[ 
https://issues.apache.org/jira/browse/HDFS-17188?page=com.atlassian.jira.plugin.system.issuetabpanels:all-tabpanel
 ]

Rushabh Shah updated HDFS-17188:
--------------------------------
    Description: 
Recently we saw missing blocks in our production clusters running on dynamic 
environments like AWS. We are running some version of hadoop-2.10 code line.

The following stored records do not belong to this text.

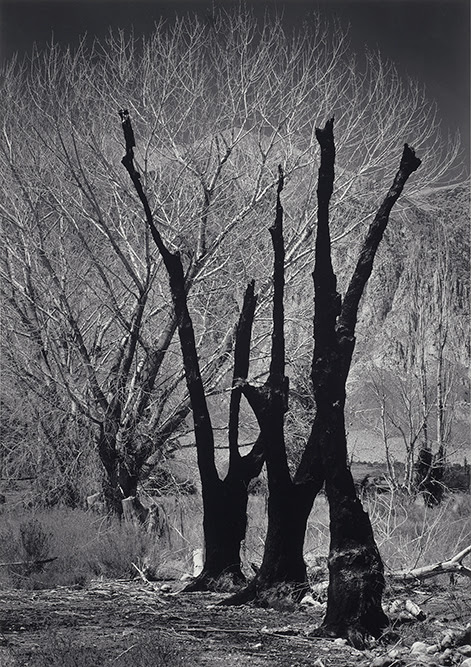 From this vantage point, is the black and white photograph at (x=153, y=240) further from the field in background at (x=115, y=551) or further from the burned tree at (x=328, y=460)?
the burned tree at (x=328, y=460)

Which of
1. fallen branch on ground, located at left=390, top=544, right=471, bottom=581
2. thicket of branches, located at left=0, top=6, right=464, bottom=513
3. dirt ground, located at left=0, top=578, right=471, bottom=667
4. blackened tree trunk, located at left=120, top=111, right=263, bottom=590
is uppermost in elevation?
thicket of branches, located at left=0, top=6, right=464, bottom=513

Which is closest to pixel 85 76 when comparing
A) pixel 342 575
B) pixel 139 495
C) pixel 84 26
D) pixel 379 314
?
pixel 84 26

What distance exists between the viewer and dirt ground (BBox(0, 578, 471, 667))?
5695 millimetres

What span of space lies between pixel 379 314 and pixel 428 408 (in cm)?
4235

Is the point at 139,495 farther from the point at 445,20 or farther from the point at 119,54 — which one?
the point at 445,20

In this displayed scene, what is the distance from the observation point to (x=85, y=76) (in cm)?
1533

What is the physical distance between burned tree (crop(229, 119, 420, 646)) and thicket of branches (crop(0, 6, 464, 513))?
25.7 feet

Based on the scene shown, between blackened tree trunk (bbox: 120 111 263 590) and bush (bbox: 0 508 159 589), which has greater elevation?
blackened tree trunk (bbox: 120 111 263 590)

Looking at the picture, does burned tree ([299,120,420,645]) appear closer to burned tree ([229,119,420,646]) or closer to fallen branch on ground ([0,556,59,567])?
burned tree ([229,119,420,646])

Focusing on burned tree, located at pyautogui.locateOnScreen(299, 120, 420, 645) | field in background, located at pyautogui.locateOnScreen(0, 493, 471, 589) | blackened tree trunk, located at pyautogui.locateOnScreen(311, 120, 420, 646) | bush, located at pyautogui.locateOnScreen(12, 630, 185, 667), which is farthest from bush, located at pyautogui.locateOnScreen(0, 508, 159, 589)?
bush, located at pyautogui.locateOnScreen(12, 630, 185, 667)

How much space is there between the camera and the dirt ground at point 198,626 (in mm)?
5695

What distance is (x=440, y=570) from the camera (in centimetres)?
702

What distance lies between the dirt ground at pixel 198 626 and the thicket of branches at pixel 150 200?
24.7 ft

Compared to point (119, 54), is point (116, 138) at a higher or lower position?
lower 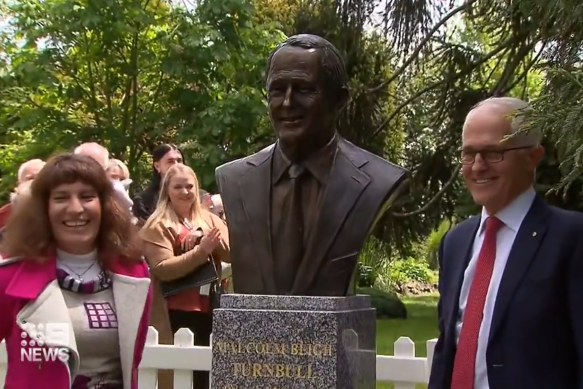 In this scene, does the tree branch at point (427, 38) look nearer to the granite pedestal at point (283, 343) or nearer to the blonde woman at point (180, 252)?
the blonde woman at point (180, 252)

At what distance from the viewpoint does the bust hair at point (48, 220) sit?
11.5ft

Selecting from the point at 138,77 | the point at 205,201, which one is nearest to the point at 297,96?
the point at 205,201

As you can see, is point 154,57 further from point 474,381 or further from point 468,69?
point 474,381

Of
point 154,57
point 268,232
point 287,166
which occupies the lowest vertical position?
point 268,232

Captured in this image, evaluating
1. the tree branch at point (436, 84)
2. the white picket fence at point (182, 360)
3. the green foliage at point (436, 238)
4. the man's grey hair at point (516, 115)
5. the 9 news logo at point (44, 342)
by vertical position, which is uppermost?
the tree branch at point (436, 84)

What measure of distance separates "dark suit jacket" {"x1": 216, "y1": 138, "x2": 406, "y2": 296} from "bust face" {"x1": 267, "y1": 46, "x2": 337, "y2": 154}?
23 centimetres

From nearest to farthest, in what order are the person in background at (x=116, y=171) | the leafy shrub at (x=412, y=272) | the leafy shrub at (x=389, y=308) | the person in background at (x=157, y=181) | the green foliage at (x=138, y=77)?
the person in background at (x=116, y=171), the person in background at (x=157, y=181), the green foliage at (x=138, y=77), the leafy shrub at (x=389, y=308), the leafy shrub at (x=412, y=272)

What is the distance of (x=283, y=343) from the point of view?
4.15 meters

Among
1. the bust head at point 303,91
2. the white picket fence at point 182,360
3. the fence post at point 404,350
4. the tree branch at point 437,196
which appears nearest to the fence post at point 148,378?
the white picket fence at point 182,360

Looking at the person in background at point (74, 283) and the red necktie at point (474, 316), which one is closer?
the red necktie at point (474, 316)

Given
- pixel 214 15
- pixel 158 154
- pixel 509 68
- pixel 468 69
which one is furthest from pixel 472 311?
pixel 214 15

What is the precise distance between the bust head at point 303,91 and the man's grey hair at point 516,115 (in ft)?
3.42

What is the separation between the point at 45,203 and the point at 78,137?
875 cm

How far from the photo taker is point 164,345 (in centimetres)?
596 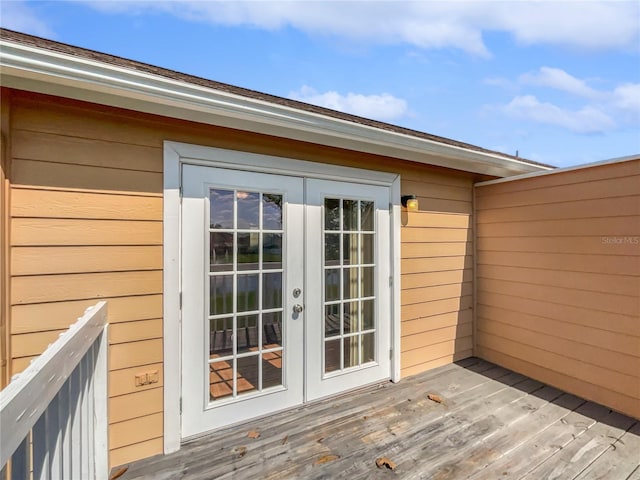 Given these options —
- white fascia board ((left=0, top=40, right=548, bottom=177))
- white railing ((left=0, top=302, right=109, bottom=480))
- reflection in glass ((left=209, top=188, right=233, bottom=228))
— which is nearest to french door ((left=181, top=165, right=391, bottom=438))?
reflection in glass ((left=209, top=188, right=233, bottom=228))

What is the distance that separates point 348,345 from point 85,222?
2.33 metres

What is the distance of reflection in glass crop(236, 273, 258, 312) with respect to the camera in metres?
2.50

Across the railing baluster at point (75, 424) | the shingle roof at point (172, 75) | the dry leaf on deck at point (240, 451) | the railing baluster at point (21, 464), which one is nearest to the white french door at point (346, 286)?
the shingle roof at point (172, 75)

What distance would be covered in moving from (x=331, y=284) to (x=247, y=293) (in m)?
0.80

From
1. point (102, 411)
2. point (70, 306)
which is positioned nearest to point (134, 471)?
point (102, 411)

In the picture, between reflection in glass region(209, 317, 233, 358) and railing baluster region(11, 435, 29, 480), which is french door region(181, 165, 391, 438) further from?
railing baluster region(11, 435, 29, 480)

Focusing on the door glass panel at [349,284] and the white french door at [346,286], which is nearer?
the white french door at [346,286]

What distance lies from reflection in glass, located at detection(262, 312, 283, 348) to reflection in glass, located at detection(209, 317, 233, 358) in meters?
0.27

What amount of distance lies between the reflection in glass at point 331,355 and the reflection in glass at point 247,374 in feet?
2.15

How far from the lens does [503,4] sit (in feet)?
11.6

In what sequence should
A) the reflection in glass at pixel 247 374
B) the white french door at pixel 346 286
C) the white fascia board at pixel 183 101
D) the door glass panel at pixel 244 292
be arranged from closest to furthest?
1. the white fascia board at pixel 183 101
2. the door glass panel at pixel 244 292
3. the reflection in glass at pixel 247 374
4. the white french door at pixel 346 286

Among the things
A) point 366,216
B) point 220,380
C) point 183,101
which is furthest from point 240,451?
point 183,101

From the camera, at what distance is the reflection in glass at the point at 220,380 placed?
2.43m

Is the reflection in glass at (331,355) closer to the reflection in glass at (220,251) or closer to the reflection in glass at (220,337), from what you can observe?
the reflection in glass at (220,337) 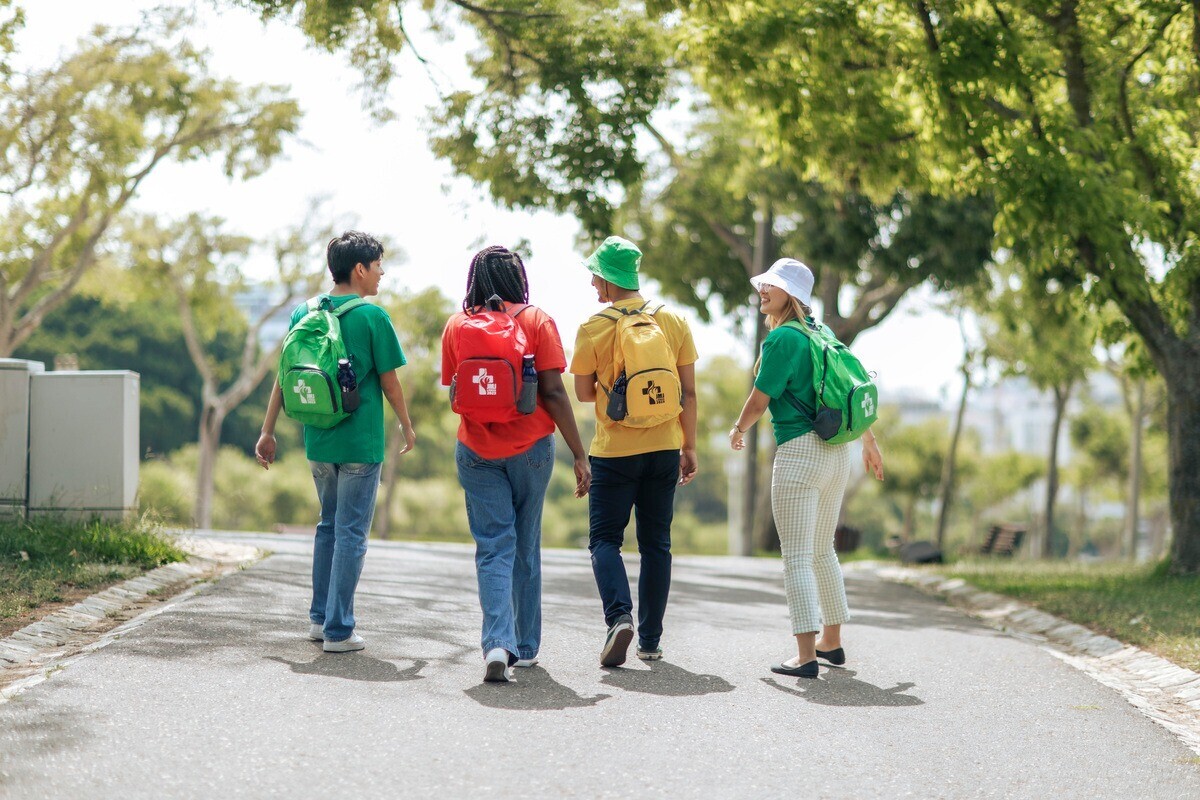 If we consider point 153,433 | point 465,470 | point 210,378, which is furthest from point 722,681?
point 153,433

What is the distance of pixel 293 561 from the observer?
9.62 metres

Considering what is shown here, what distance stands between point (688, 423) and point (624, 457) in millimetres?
335

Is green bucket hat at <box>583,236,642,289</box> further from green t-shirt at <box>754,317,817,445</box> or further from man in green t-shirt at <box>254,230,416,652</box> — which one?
man in green t-shirt at <box>254,230,416,652</box>

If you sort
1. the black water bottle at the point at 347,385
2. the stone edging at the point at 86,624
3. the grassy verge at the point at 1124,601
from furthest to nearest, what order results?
1. the grassy verge at the point at 1124,601
2. the black water bottle at the point at 347,385
3. the stone edging at the point at 86,624

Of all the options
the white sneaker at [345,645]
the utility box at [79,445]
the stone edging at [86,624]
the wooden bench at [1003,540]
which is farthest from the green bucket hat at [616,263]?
the wooden bench at [1003,540]

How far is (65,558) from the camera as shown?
771 cm

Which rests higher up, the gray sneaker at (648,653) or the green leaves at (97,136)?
the green leaves at (97,136)

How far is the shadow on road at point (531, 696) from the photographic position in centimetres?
511

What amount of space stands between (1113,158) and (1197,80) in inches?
48.3

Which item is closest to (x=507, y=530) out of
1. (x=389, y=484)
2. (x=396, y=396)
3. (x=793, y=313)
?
(x=396, y=396)

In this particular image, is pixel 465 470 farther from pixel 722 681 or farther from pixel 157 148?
pixel 157 148

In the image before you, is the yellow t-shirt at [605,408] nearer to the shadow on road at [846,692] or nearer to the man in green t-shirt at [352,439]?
the man in green t-shirt at [352,439]

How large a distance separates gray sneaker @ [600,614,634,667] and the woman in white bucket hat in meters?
0.76

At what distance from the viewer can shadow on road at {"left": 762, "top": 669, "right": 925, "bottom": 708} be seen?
A: 222 inches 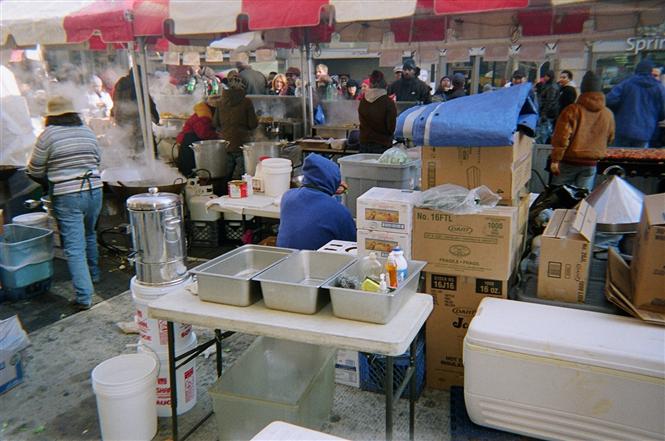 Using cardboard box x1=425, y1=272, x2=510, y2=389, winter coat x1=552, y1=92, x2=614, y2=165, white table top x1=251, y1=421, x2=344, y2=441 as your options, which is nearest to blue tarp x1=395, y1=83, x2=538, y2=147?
cardboard box x1=425, y1=272, x2=510, y2=389

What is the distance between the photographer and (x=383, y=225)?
113 inches

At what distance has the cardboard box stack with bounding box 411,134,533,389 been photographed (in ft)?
Result: 8.95

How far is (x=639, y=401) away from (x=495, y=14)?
667 centimetres

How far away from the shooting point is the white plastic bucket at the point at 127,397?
8.39 ft

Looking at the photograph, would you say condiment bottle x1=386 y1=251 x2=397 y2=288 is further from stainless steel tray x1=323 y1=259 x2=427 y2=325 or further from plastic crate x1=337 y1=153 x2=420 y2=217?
plastic crate x1=337 y1=153 x2=420 y2=217

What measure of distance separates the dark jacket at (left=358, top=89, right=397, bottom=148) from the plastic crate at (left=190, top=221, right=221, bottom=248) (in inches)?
80.2

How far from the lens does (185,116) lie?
8.83 meters

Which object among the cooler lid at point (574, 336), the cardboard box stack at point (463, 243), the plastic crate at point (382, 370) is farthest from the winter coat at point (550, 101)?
the cooler lid at point (574, 336)

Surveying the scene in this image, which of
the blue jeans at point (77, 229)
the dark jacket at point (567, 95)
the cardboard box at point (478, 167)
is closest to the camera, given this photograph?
the cardboard box at point (478, 167)

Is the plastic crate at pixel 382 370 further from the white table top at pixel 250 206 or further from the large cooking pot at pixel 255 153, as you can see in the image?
the large cooking pot at pixel 255 153

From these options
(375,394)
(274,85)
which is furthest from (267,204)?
(274,85)

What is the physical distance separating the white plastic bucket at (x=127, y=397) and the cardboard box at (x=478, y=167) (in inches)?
73.5

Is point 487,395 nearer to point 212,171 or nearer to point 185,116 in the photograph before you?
point 212,171

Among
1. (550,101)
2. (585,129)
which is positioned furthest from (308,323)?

Events that led to data loss:
 #  We have pool of available IP address and whenever datanode restarts we use 
any available IP address from that pool.
 #  We have seen during the lifetime of namenode process, multiple datanodes 
were restarted and the same datanode has used different IP address.
 # One case that I was debugging was very interesting. 
DN with datanode UUID DN-UUID-1 moved from ip-address-1 --> ip-address-2 --> 
ip-address-3
DN with datanode UUID DN-UUID-2 moved from ip-address-4 --> ip-address-5 --> 
ip-address-1 
Observe the last IP address change for DN-UUID-2. It is ip-address-1 which is 
the first ip address of DN-UUID-1
 #  There was some bug in our operational script which led to all datanodes 
getting restarted at the same time.

Just after the restart, we see the following log lines.
{noformat}
2023-08-26 04:04:41,964 INFO [on default port 9000] namenode.NameNode - BLOCK* 
registerDatanode: 10.x.x.1:50010
2023-08-26 04:04:45,720 INFO [on default port 9000] namenode.NameNode - BLOCK* 
registerDatanode: 10.x.x.2:50010
2023-08-26 04:04:45,720 INFO [on default port 9000] namenode.NameNode - BLOCK* 
registerDatanode: 10.x.x.2:50010
2023-08-26 04:04:51,680 INFO [on default port 9000] namenode.NameNode - BLOCK* 
registerDatanode: 10.x.x.3:50010
2023-08-26 04:04:55,328 INFO [on default port 9000] namenode.NameNode - BLOCK* 
registerDatanode: 10.x.x.4:50010
{noformat}
This line is logged 
[here|https://github.com/apache/hadoop/blob/trunk/hadoop-hdfs-project/hadoop-hdfs/src/main/java/org/apache/hadoop/hdfs/server/blockmanagement/DatanodeManager.java#L1184].

Snippet below:
{code:java}
      DatanodeDescriptor nodeS = getDatanode(nodeReg.getDatanodeUuid());
      DatanodeDescriptor nodeN = host2DatanodeMap.getDatanodeByXferAddr(
          nodeReg.getIpAddr(), nodeReg.getXferPort());
        
      if (nodeN != null && nodeN != nodeS) {
        NameNode.LOG.info("BLOCK* registerDatanode: " + nodeN);
        // nodeN previously served a different data storage, 
        // which is not served by anybody anymore.
        removeDatanode(nodeN);
        // physically remove node from datanodeMap
        wipeDatanode(nodeN);
        nodeN = null;
      } {code}
 

This happens when the DatanodeDescriptor is not the same in datanodeMap and 
host2DatanodeMap. HDFS-16540 fixed this bug for lost data locality and not data 
loss. :)

 

By filing this jira, I want to discuss following things:
 # Do we really want to call removeDatanode method from namenode whenever any 
such discrepancy in maps is spotted? Can we rely on the first full block report 
or the periodic full block report from the datanode to fix the metadata? 
 # Improve logging in the blockmanagement code to debug these issues faster.
 # Add a test case with the exact events that occured in our env and still make 
sure that datanodeMap and host2DatanodeMap are consistent.

  was:
Recently we saw missing blocks in our production clusters running on dynamic 
environments like AWS. We are running some version of hadoop-2.10 code line.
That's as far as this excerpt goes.